Task objective: Your answer must be the full listing below, repeated exactly, with no pictures in it.

Segment Start: Data segment

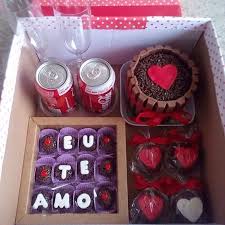 Uma surpresa para o namorado deve primeiramente levar em conta o perfil dele.sc:artigos_relacionados. Festa Na Caixa Romantica 12 Ideias Para Montar O Presente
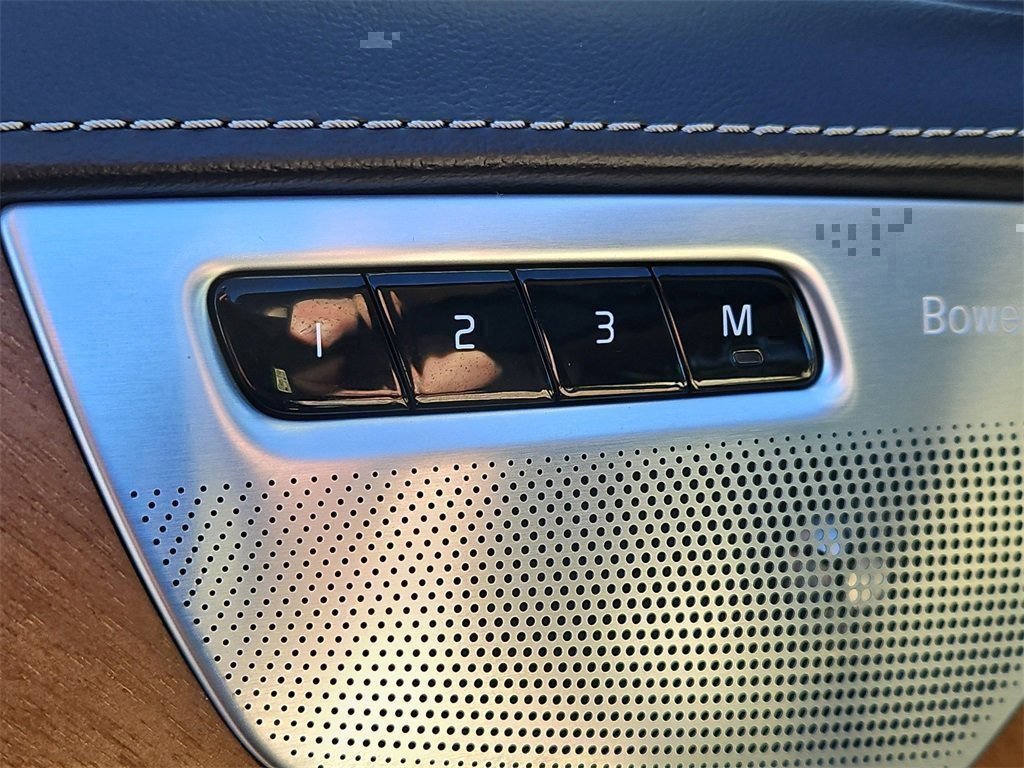 Used 2017 Volvo XC90 T8 Inscription w/ Luxury Package image 22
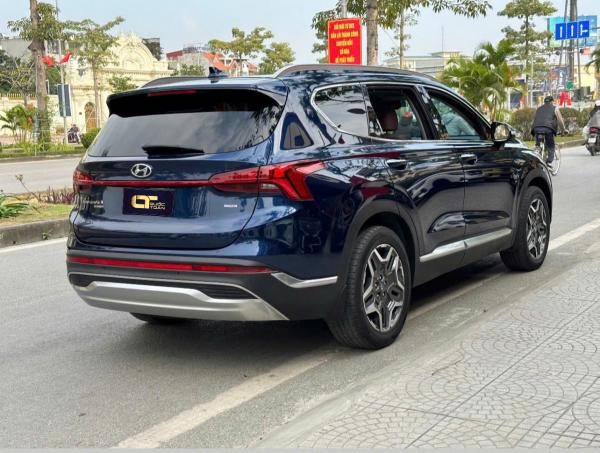 HYUNDAI SANTAFE 2,5 CC – 2022 | XANH CAO CẤP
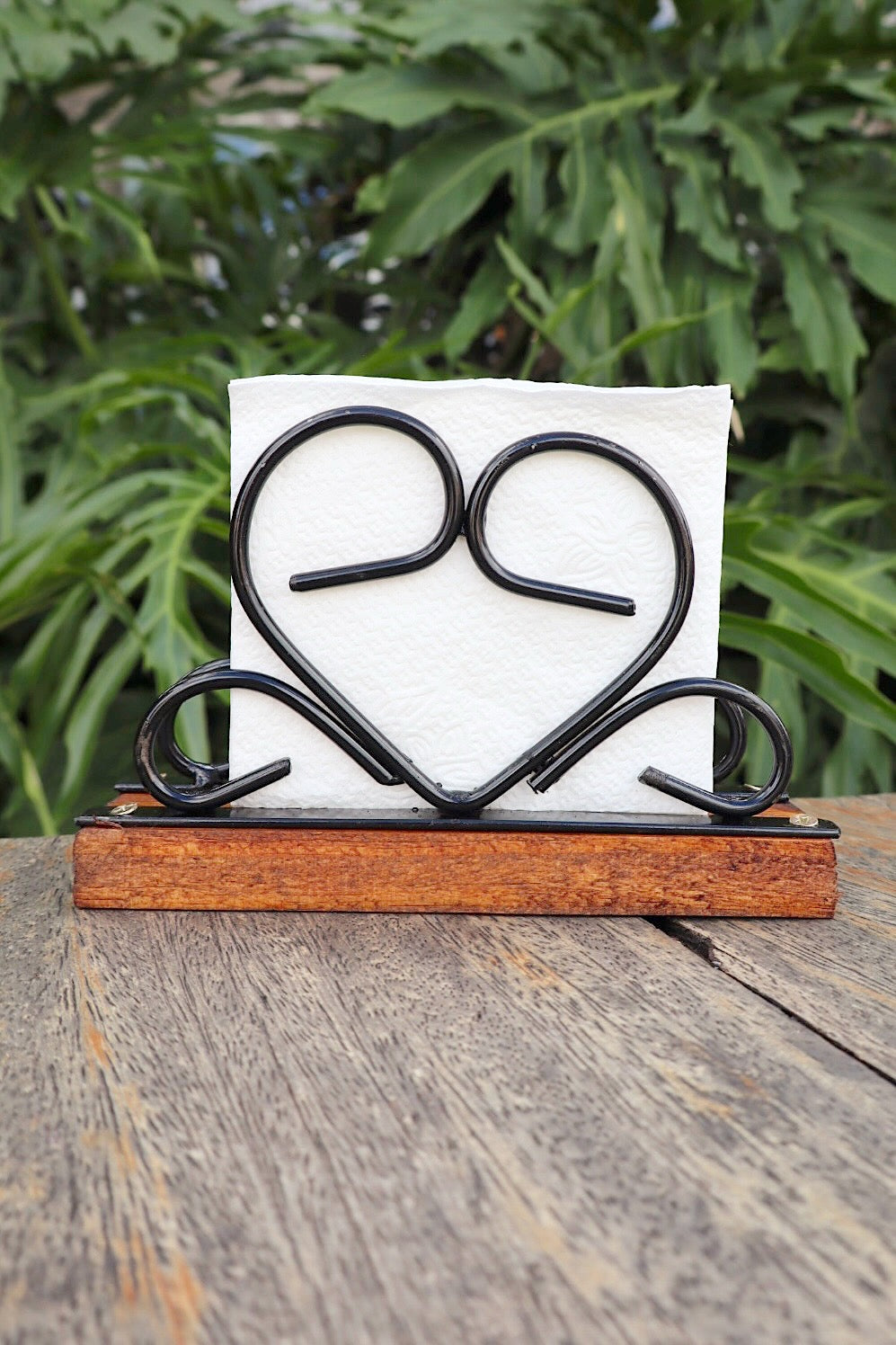 Porta Guardanapos em Ferro e Madeira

Segment End: Data segment

Response to the exercise:
 Uma surpresa para o namorado deve primeiramente levar em conta o perfil dele.sc:artigos_relacionados. Festa Na Caixa Romantica 12 Ideias Para Montar O Presente
 Used 2017 Volvo XC90 T8 Inscription w/ Luxury Package image 22
 HYUNDAI SANTAFE 2,5 CC – 2022 | XANH CAO CẤP
 Porta Guardanapos em Ferro e Madeira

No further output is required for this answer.